SAN FRANCISCO, April 13, 2026, 04:03 (PDT)
Nvidia climbed $4.60 to $188.63 early Monday, with analysts pointing to strong AI infrastructure demand pushing key supplier TSMC toward a fourth consecutive record profit.
This shift has weight: Nvidia is deeply embedded in the surge of AI outlays. CoreWeave’s latest agreements with Anthropic and Meta—plus Meta’s early shot at Nvidia’s Vera Rubin chips—point to ongoing demand for cloud capacity. Investors, though, remain skeptical over whether these hefty, multibillion-dollar data-center bets will deliver.
Nvidia wrapped up fiscal 2026 posting a record $68.1 billion in quarterly revenue—$62.3 billion of that came straight from its data center business. Gross margin? 75.0%. The company’s market cap now stands at roughly $4.53 trillion, still giving it a heavy footprint in the AI trade.
Taiwan isn’t letting up. TSMC—the chipmaker powering Nvidia’s AI push—posted a 35% jump in first-quarter revenue last week. March exports hit a new high: $80.18 billion, thanks to resilient demand from AI and cloud sectors. Macquarie’s Arthur Lai pointed to “sustained AI demand and advanced-node leadership” as he looked for TSMC to issue stronger second-quarter guidance. Reuters
Rubin is up next in Nvidia’s lineup. Back in March, the company announced its Vera Rubin platform had entered full production, targeting both AI model training and inference—the phase when models actually deliver answers. That same month, Reuters put the combined sales potential for Rubin and Blackwell at over $1 trillion by the close of 2027, not counting China.
The crowd’s getting thicker. Last week, Amazon CEO Andy Jassy pointed out, “Virtually all AI thus far has been done on NVIDIA chips, but a new shift has started,” noting that Trainium3 capacity is close to fully booked and Amazon’s in-house chip business now runs at a $20 billion annual revenue pace. And Broadcom? On April 6, it revealed a long-term contract to build Google’s custom AI chips all the way through 2031. Amazon News
Memory remains in focus. High-bandwidth memory—HBM—powers AI accelerators with quick, stacked storage. Samsung last week flagged tight supply and rising prices, citing robust AI demand and its first shipments of HBM4 chips to Nvidia customers. SK Hynix and Micron are both already in mass production as well.

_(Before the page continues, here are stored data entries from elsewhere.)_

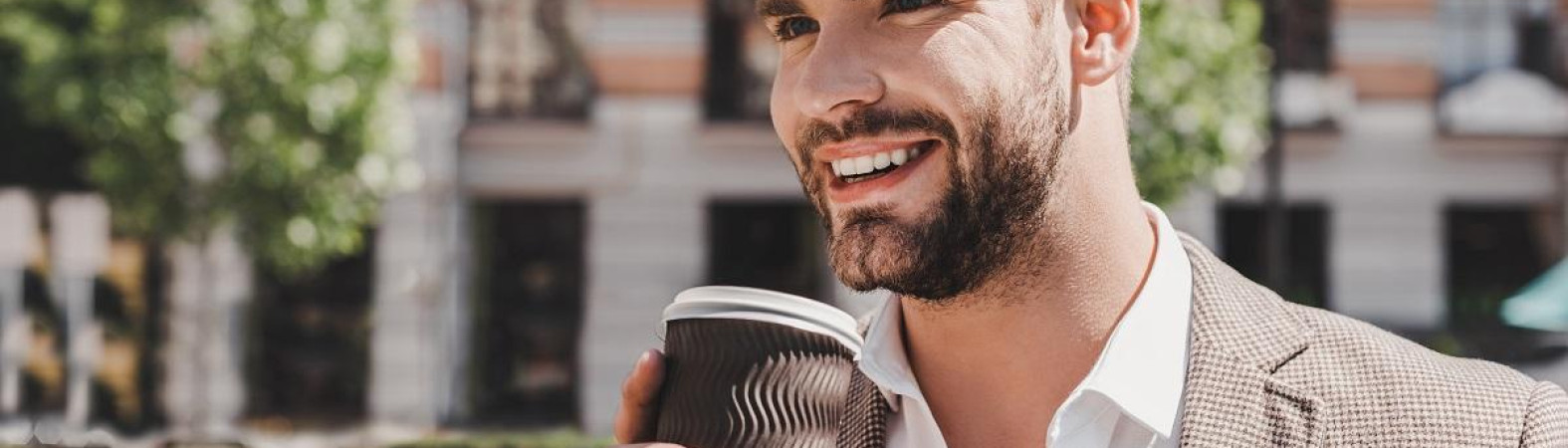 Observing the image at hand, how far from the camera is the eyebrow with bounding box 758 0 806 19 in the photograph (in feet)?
5.18

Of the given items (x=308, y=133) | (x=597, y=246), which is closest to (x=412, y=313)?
(x=597, y=246)

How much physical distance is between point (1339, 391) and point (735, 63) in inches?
522

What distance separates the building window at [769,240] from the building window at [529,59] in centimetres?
172

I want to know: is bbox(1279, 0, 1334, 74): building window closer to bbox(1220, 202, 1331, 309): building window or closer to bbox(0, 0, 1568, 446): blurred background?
bbox(0, 0, 1568, 446): blurred background

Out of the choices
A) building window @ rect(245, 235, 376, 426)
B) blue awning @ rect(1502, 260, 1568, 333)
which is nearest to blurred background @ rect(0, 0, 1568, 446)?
building window @ rect(245, 235, 376, 426)

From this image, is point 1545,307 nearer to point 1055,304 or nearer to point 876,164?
point 1055,304

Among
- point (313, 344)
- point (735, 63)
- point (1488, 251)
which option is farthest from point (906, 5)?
point (1488, 251)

Geopolitics is the immediate concern. Oil topped $100 once U.S.-Iran negotiations broke down, while Reuters flagged that chip producers are monitoring supply risks for helium and neon. “Diversified sourcing and safety stock should be sufficient to manage short-term disruptions,” IDC’s Galen Zeng said of TSMC. Reuters
Supplier and customer figures both still indicate solid AI spending. Still, with clients getting tougher on pricing, ramping up in-house chip production, and insisting on proof their data-center investments pay off, Nvidia’s margin for error looks slimmer than its breakneck growth rate might imply.